### DATASET RECORDS

>>>>

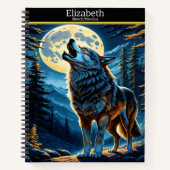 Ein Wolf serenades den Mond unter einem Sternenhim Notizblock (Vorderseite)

<<<<
>>>>

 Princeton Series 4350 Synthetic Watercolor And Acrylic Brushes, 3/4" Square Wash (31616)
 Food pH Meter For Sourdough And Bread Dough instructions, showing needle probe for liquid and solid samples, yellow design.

<<<<

Retype only this portion of the data above: the line containing "Princeton Series 4350", the line containing "Food pH Meter", and all lines between them, exactly.

 Princeton Series 4350 Synthetic Watercolor And Acrylic Brushes, 3/4" Square Wash (31616)
 Food pH Meter For Sourdough And Bread Dough instructions, showing needle probe for liquid and solid samples, yellow design.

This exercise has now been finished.